France will lead the initiative and will prepare a proposal for “simpler rules” that will create “real taxation” and stop companies that “minimize taxes and grab market share”.

The drafted rules will be considered in September during a European Union meeting. France finance minister Bruno Le Maire believes with German input, Europe-wide rules can be implemented more rapidly. While Germany is not working with France, it is believed to be working on its own similar laws.

“Europe must learn to defend its economic interest much more firmly — China does it, the U.S. does it,” French Finance Minister Bruno Le Maire said. “You cannot take the benefit of doing business in France or in Europe without paying the taxes that other companies — French or European companies — are paying.”

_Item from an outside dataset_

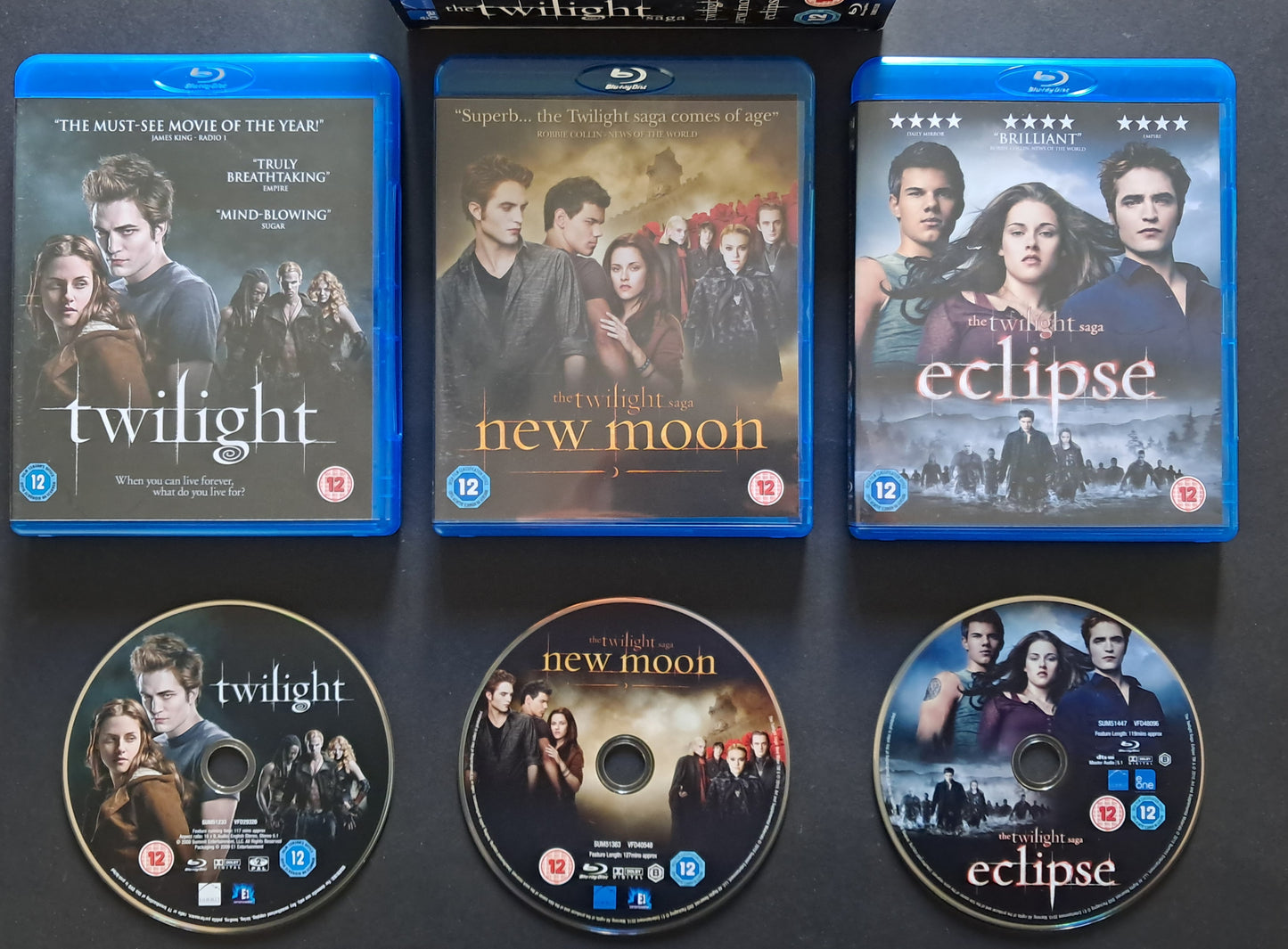 Twilight Trilogy Blu Ray (2008, 2009, 2010)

Recently elected French President, Emmanuel Macron, is notably a critic of the way tech companies exploit tax loopholes. He has committed to creating a fair system

Tech Companies vs. Europe

Apple’s problems with European tax are well known. The company is in the midst of a legal struggle with the European Commission over its illegal state aid from Ireland. If punished, Apple could be forced to pay $14.5 billion in back taxes.

The Commission, Europe’s regulatory body has also come down hard on Microsoft and Google, albeit for non-tax issues.

Just today, Microsoft announced it paid a lowly $30 million in income tax in the United States last year. Part of the reason for the low amount is because of the company’s divisions in low tax regions. France and Germany would like to see such practices halted.